Given entries:
- - - -
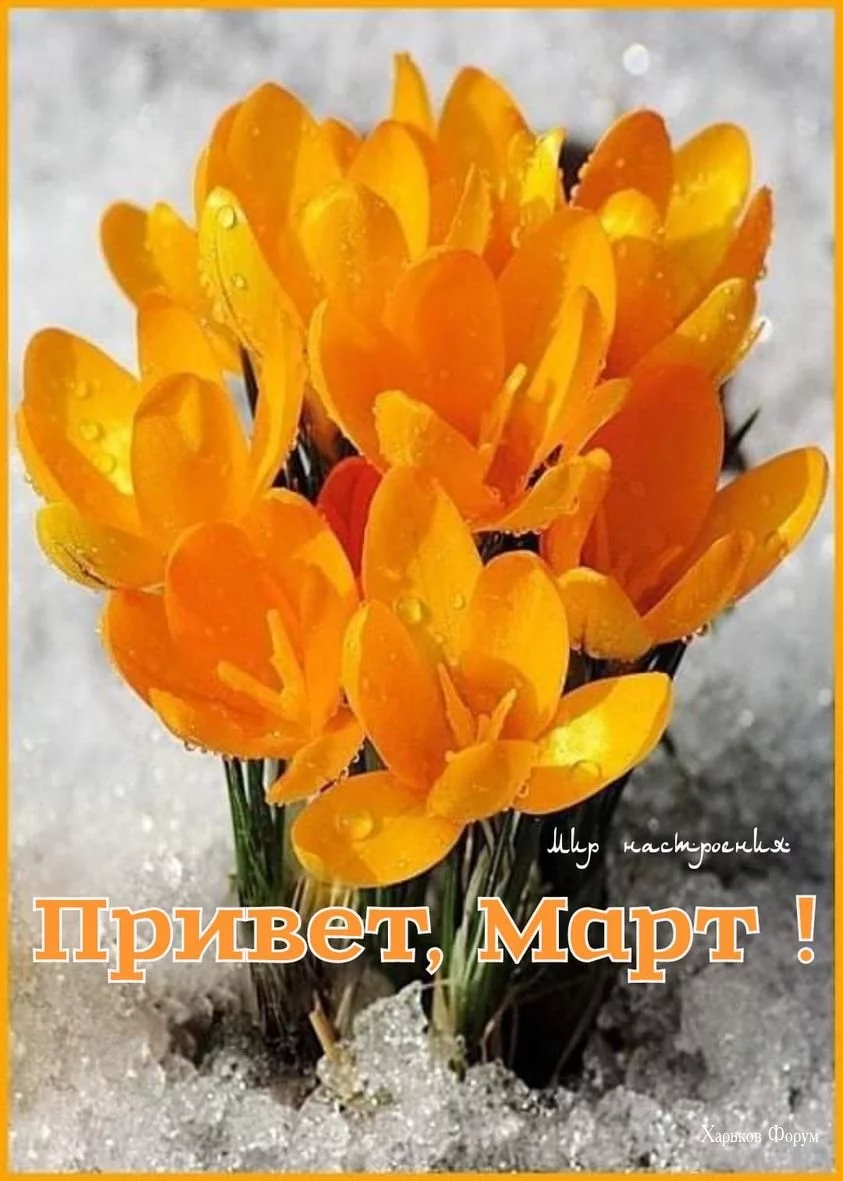 8ac04d1e10d7ae1947abf06.webp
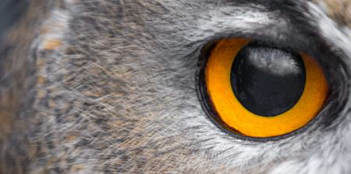 bases-concurso-airpods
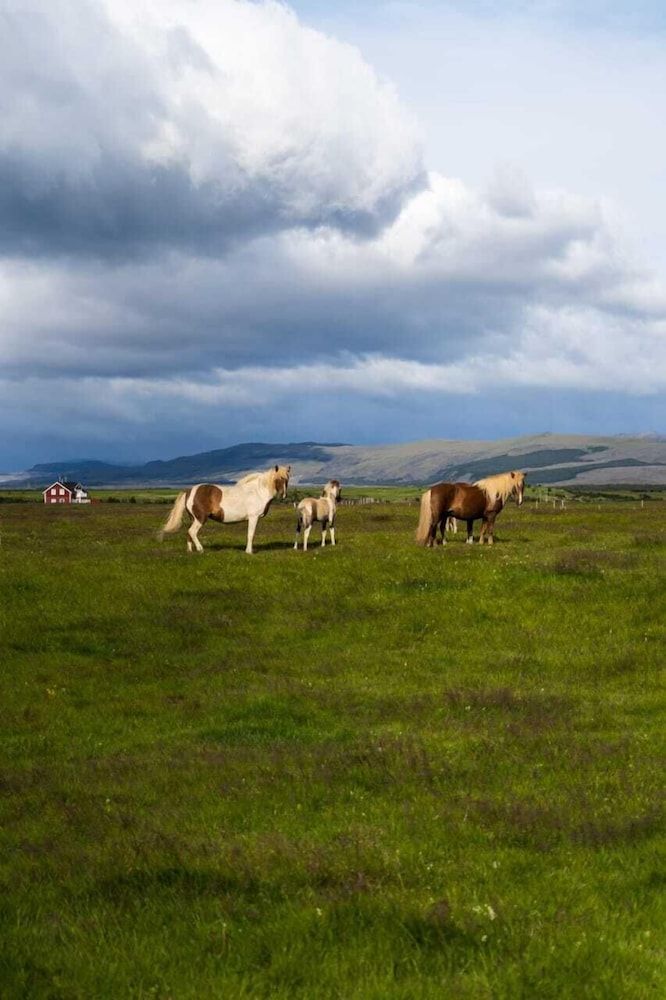 South Iceland Hella Exterior Detail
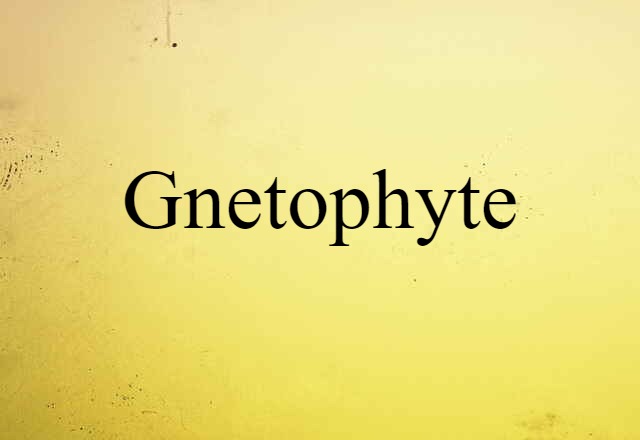 Gnetophyte (noun) Definition, Meaning & Examples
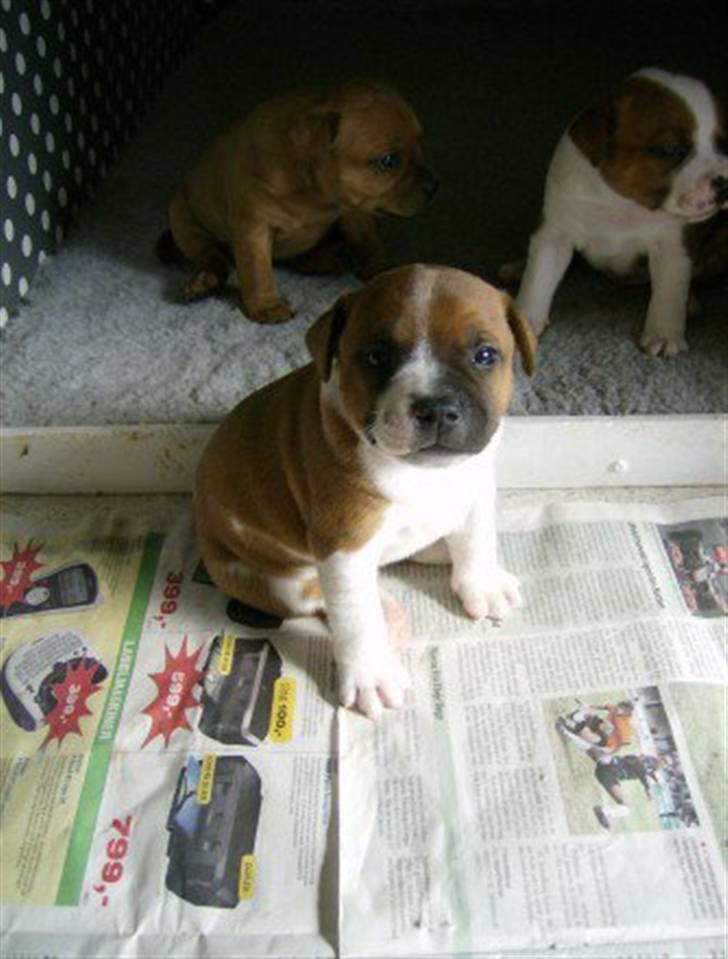 Staffordshire bull terrier Arthos billede 14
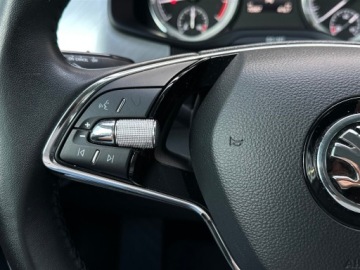 Skoda Kodiaq I SUV Facelifting 1.5 TSI 150KM 2022 Skoda Kodiaq 1.5TSI 150KM Ambition DSG l Hak, Grza, zdjęcie 19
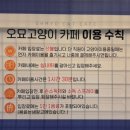 오묘고양이카페&호텔&미용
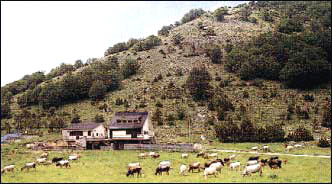 Mandrie al pascolo nel Parco Nazionale del Pollino.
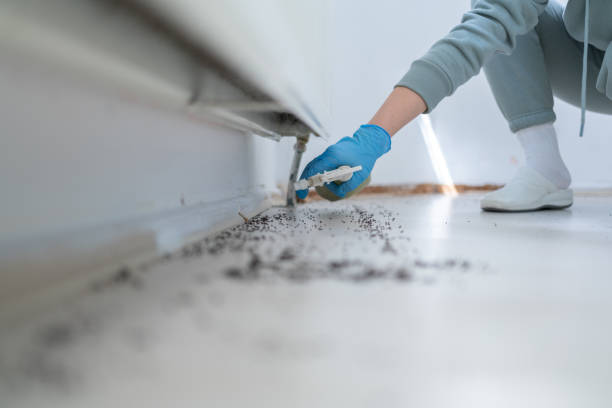 Best Bed Bug Extermination  in Smackover, AR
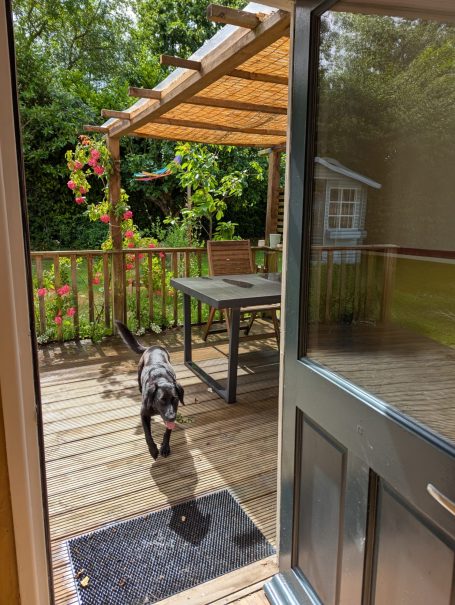 Private Outdoor Space A black dog walks onto a wooden deck with a table and floral vines in the background.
- - - -
Problem to solve: Leaving out all pictures, retype exactly the lines that run from the one containing "Mandrie al pascolo" through the last line of the material.

Answer:
 Mandrie al pascolo nel Parco Nazionale del Pollino.
 Best Bed Bug Extermination  in Smackover, AR
 Private Outdoor Space A black dog walks onto a wooden deck with a table and floral vines in the background.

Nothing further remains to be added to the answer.